Judges yesterday tore up England's marriage laws to offer couples binding prenuptial contracts.

They used the test case of a German heiress worth £100million and her millionaire French  husband to bring a revolutionary change to the laws around  marriage and divorce.

Their Supreme Court ruling means that prenuptial agreements which set down a couple's divorce settlement before their wedding will have full legal status in England for the first time.

The deals will mean that brides and grooms will know they can keep their own cash and property in the event that their marriage crashes.

Only manifestly unfair contracts would be overturned by the courts.

In the case, paper industry heiress Karin Radmacher won the right to protect her fortune and hundreds of millions of pounds controlled by her family out of the hands of her former husband, a City banker turned academic.

But in the process of deciding the case, the Supreme Court judges swept away hundreds of years of legal precedent that a married couple should be together for life and their property should be shared - something enshrined in the Church of England's marriage ceremony since 1662 when the groom says: 'With all my worldly goods I thee endow.'

Prenup deals have long held influence in courts in America and Europe.

But in England the courts have rarely enforced them and judges have usually chosen to ignore them.

Miss Radmacher, 41, had fought a four-year court battle to withhold the vast majority of her fortune from her ex-husband, former investment banker Nicolas Granatino after he claimed that the contract was unfair because he had not realised the true extent of his wife's vast fortune.

Mr Granatino demanded a £9.2million pay-out and was initially given £5.5million, but that was later reduced to £1million in the Court of Appeal.

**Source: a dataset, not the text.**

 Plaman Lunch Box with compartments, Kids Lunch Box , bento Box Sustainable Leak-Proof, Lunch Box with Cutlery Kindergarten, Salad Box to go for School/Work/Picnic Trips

Yesterday the Supreme Court told him he will receive just £70,000 a year from his ex-wife for the next 14 years, until their youngest child turns 22.

Court President Lord Phillips said that the law cannot prevent a couple deciding how to arrange their affairs should they come to live apart and that all English courts should follow the precedent.

'In future it will be natural to infer that parties who enter into an ante-nuptial agreement to which English law is likely to be applied intend that effect should be given to it,' he said.

But the decision came only after serious division among the judges of the country's new leading court.

One Supreme Court justice, Baroness Hale, called the ruling undemocratic and damaging to marriage, and added that it was wrong that it should have been made by a court comprising eight male judges and only one woman.

In a strongly-worded statement  of dissent, Lady Hale said there were six legal reasons why the ruling  was wrong, one being that it was 'inconsistent with the continued importance attached to the status of marriage in English law'.

She said her fellow judges were treating married couples in the same way as unmarried people and added that it was 'wrong to equate married with unmarried parenthood'.

'Marriage still counts for something in the law of this country and long may it continue to do so,' she said.

Lady Hale also said the ruling was unfair to the poorer partner in a marriage - 'usually, though by no means invariably, she'.

The controversy spread outside the court, with bishops warning that the decision undermines marriage and lawyers saying that judges have usurped the rights of Parliament and elected MPs to make the law.

Brenda Long, a partner at law firm Blandy & Blandy, said: 'This ruling means the judiciary has overstepped its prescribed role of interpreting law and actually created law instead,' she said.

Mr Granatino, 39, who attended court wearing scruffy jeans and a blue jumper refused to comment after the hearing.

But Miss Radmacher, who wore a white mini-dress with a plunging neckline, said: 'I'm delighted that Britain has upheld fairness.'

Prenups are commonly recognised in countries around the world.

In the U.S. all states now recognise prenups, but some judges have opposed them because they were seen as damaging to marriage.

They are also recognised in France and Germany.

Heiress who hangs on to her millions

For heiress Katrin Radmacher, a prenuptial agreement was the ultimate test of love.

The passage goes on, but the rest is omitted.